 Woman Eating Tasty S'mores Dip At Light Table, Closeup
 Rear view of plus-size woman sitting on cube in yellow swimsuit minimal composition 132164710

...

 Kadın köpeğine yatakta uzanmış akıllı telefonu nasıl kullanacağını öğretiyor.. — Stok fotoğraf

** Problem **
Please output the lines of the listing above that fall in the stretch from the one with "Woman Eating Tasty" through the one with "Rear view of", exactly and only those.

** Solution for this exercise **
 Woman Eating Tasty S'mores Dip At Light Table, Closeup
 Rear view of plus-size woman sitting on cube in yellow swimsuit minimal composition 132164710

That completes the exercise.